▶ **Prompt**
Copy exactly the lines of the material below that fall between the line with "LA BAHIA CONDO - Residential" and the line with "2240 N Cypress Bend Drive 204 — photo 12", both of those lines included; pictures stay out.

▶ **Input data**
+++

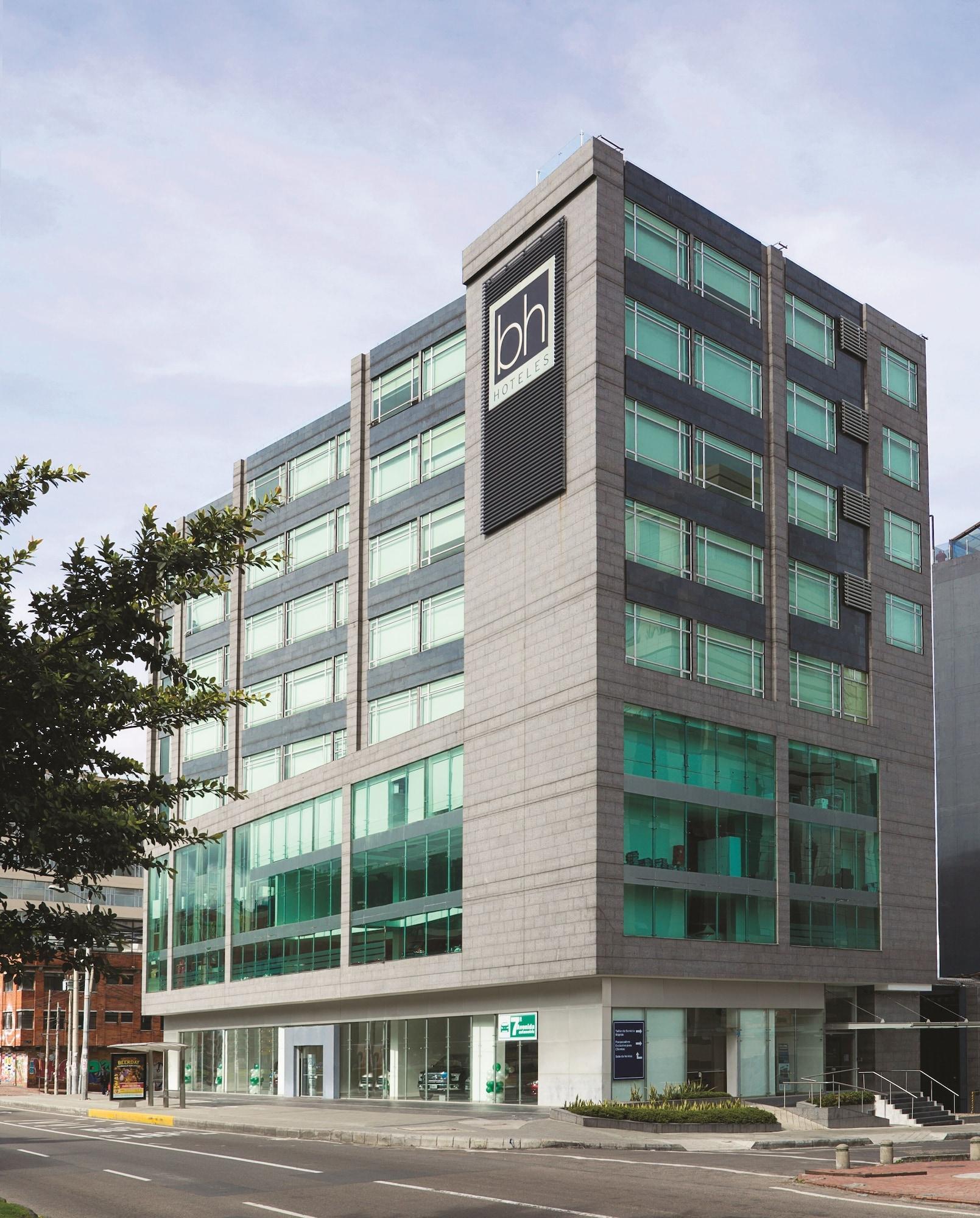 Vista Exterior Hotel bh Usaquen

+++

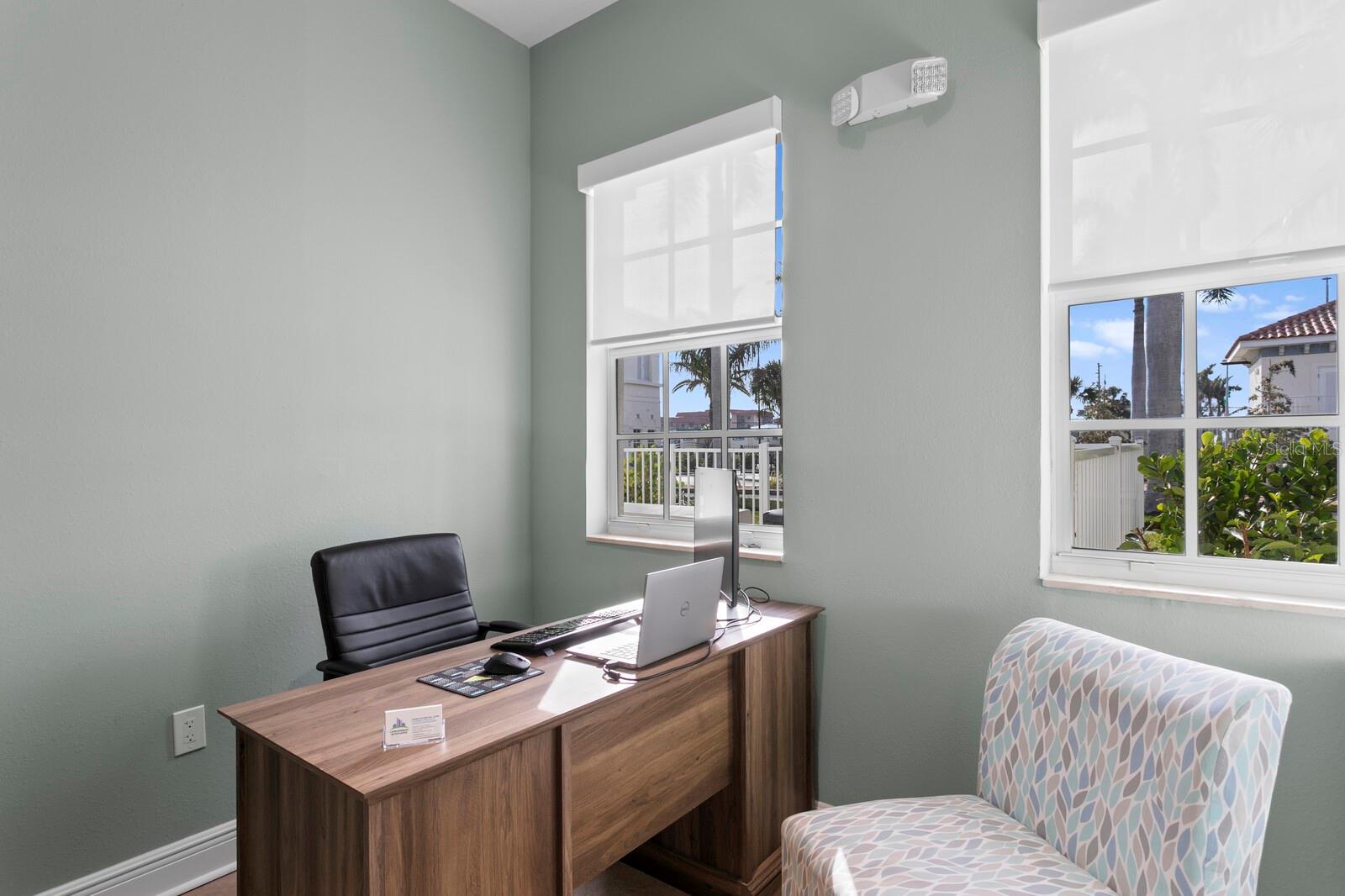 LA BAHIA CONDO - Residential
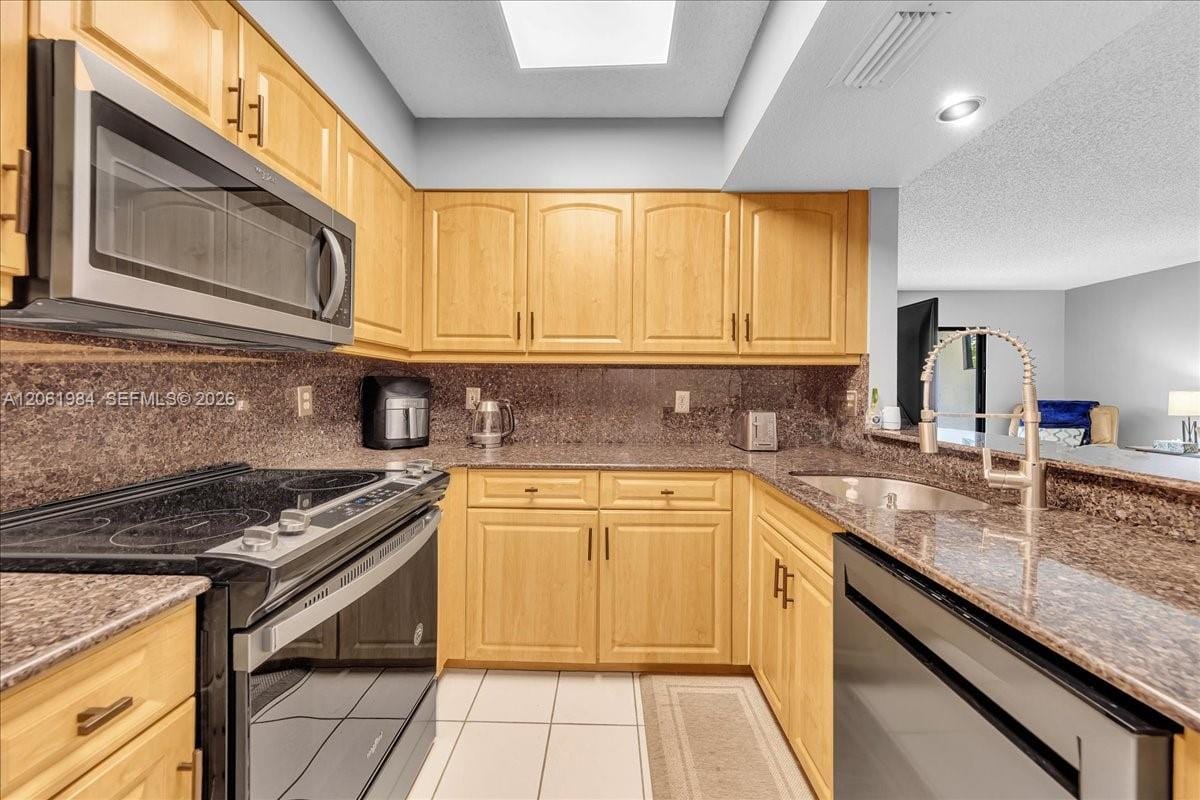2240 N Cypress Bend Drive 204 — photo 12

+++

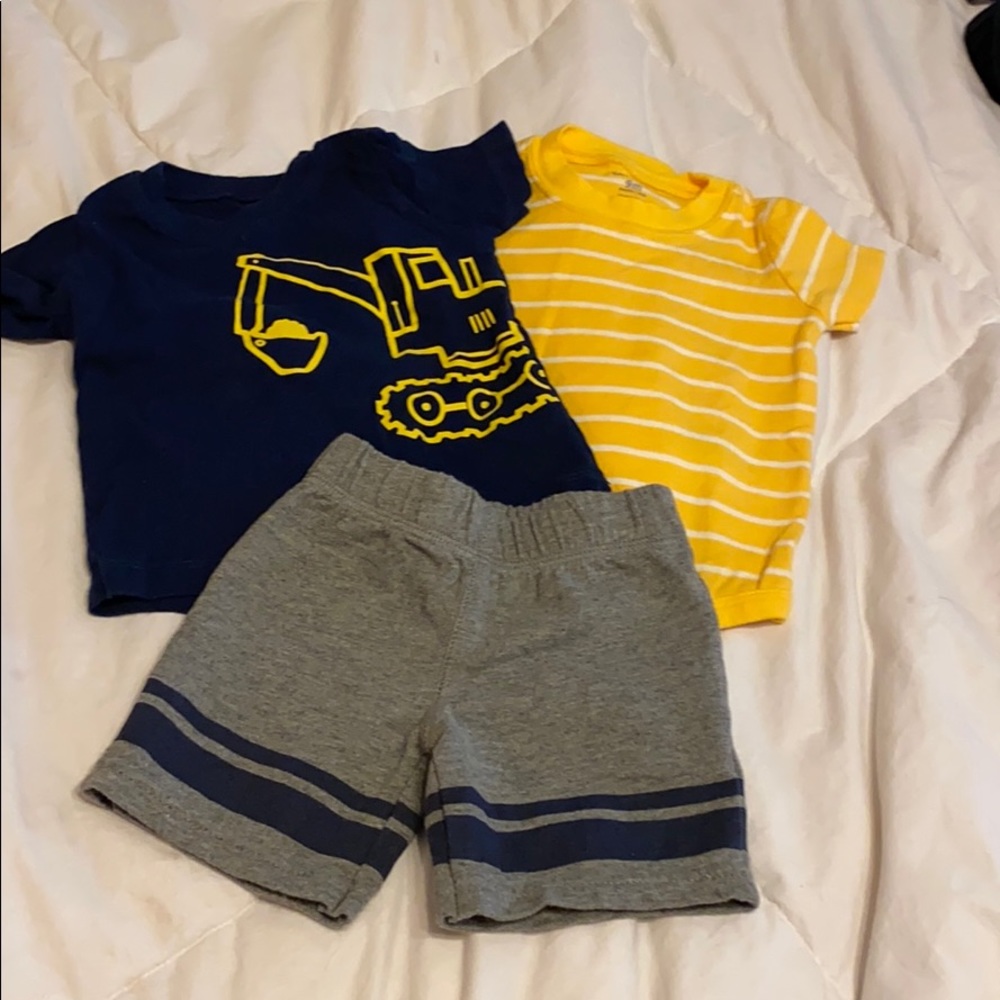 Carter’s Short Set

+++

▶ **Written solution**
 LA BAHIA CONDO - Residential
2240 N Cypress Bend Drive 204 — photo 12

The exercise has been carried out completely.